Naah better with Burst Limit graphics  I love how the Super Saiyans glow


----------



## "Shion" (Dec 5, 2012)

You, son, have a fucking fetish.


----------



## Malvingt2 (Dec 5, 2012)

LegendarySaiyan said:


> I have been missing a good Dragonball Z game since the Budokai, Budokai Tenkaichi and Burst Limit series and I was wondering if anyone heard anything like a rumor or something for a new Dragonball Z game in the future?
> 
> I am really hoping for Burst Limit 2 or a whole new series like the Legacy of Goku series for a console with Burst Limit graphics
> 
> ...


 the real name of that game is Ultimate Blast. It is the sequel of RB2. Now they used the Tenkaichi name on the west to get the extra money and they did. Do no compared UB with RB tho. RB is a superior game.

Now about 2013, well I am not expecting nothing from them..


----------



## LegendarySaiyan (Dec 5, 2012)

Malvingt2 said:


> the real name of that game is Ultimate Blast. It is the sequel of RB2. Now they used the Tenkaichi name on the west to get the extra money and they did. Do no compared UB with RB tho. RB is a superior game.
> 
> Now about 2013, well I am not expecting nothing from them..



If I am going to make a list which game is better than the other one then it would look like this;

*Spoiler*: __ 



- Budokai 3
- Budokai 1
- Budokai Tenkaichi 3 (Sparking! METEOR)
- Burst Limit
- Raging Blast 2 

and Ultimate Tenkaichi wouldn't be on my list at all! or Ultimate Blast as it is called for in Japan!

Ps: This is just my opinion




And too bad that there won't be a new good DBZ game  really wished for one that could get me excited for it like the old DBZ games on the PS2 and Burst Limit!


----------



## Sol_Blackguy (Dec 5, 2012)

I think they lost talent in making DBZ games. But they wont care cause if its shit or not it will sell cause its DBZ


----------



## "Shion" (Dec 5, 2012)

Budokai 3 for Ps2 was their greatest game, by far.


----------



## Sephiroth (Dec 5, 2012)

I would actually like them to try some new ideas, something like Legacy of Goku on consoles would be cool though.


----------



## Unlosing Ranger (Dec 5, 2012)

Why bother anymore?


----------



## Sol_Blackguy (Dec 5, 2012)

Sephiroth said:


> I would actually like them to try some new ideas, something like Legacy of Goku on consoles would be cool though.



while the legacy of goku series were good i can't really see it really good on consoles unless they put TONS of filler in it. It would be too short for a console games


----------



## Orochimaru800 (Dec 5, 2012)

Only real thing I can see coming out in 2013 is some Tenkaichi hd collection, or perhaps some crappy dbz kinect 2.

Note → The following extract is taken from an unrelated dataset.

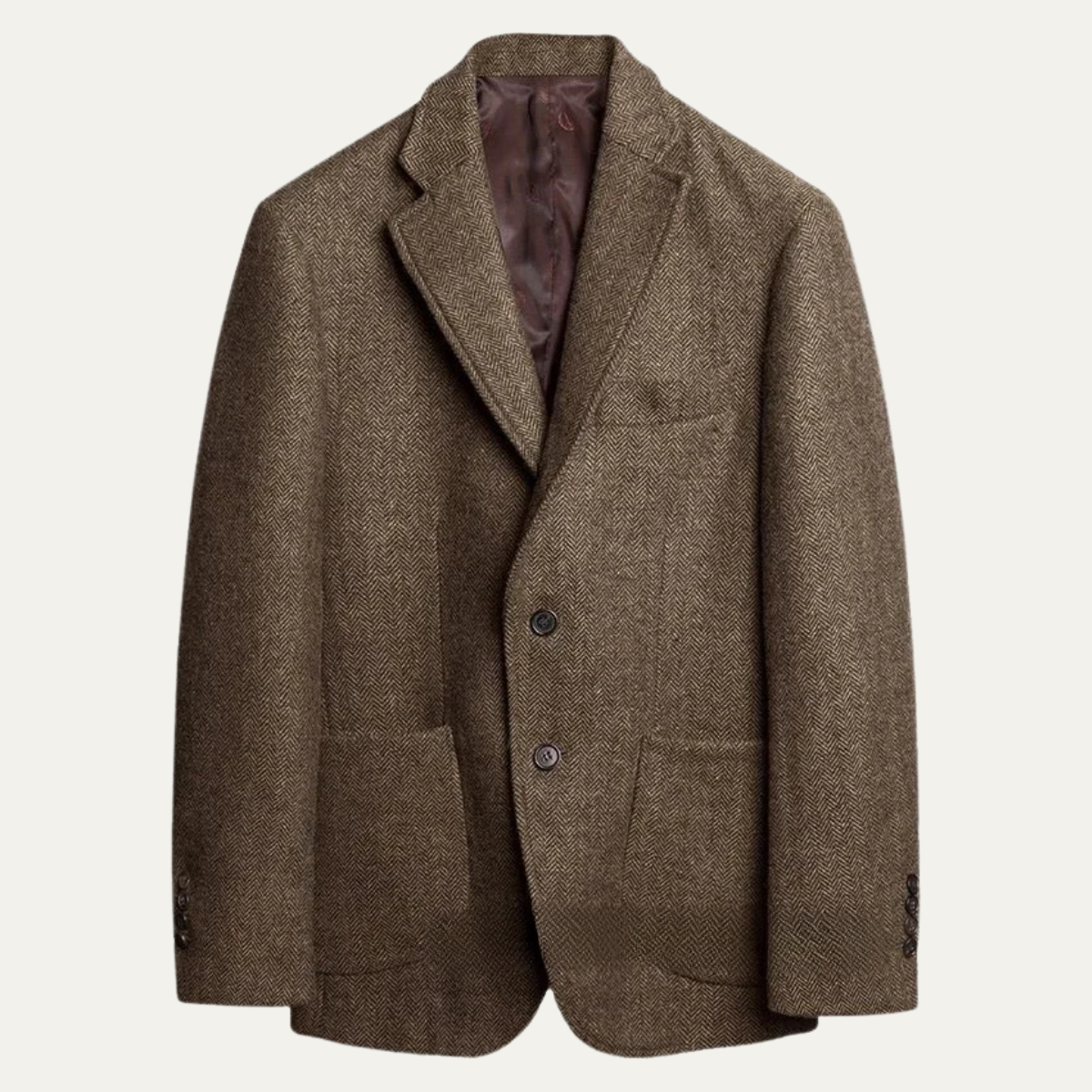 Men's single-breasted herringbone blazer — detail view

I wouldn't mind a RB3 as i never hated the RB series, but i have a feeling we wont be seeing one. So for now, the  future doesn't look particularly good.


----------



## Malvingt2 (Dec 5, 2012)

Orochimaru800 said:


> Only real thing I can see coming out in 2013 is some Tenkaichi hd collection, or perhaps some crappy dbz kinect 2.
> 
> *I wouldn't mind a RB3 as i never hated the RB series, but i have a feeling we wont be seeing one. So for now, the  future doesn't look particularly good.*


 I would not mind RB3 neither. RB was the right direction of the series. Cancels system is one of the best ideas for DBZ but it was unbalanced. The follow ups systems which was present in RB2 was one of the worst idea ever..


----------



## GUMI (Dec 5, 2012)

Has to be better then Ultimate Tenkaichi. :l


----------



## Sephiroth (Dec 5, 2012)

Sol_Blackguy said:


> while the legacy of goku series were good i can't really see it really good on consoles unless they put TONS of filler in it. It would be too short for a console games



I mean a new game entirely that's similar to LoG.


----------



## LegendarySaiyan (Dec 5, 2012)

Sephiroth said:


> I would actually like them to try some new ideas, something like Legacy of Goku on consoles would be cool though.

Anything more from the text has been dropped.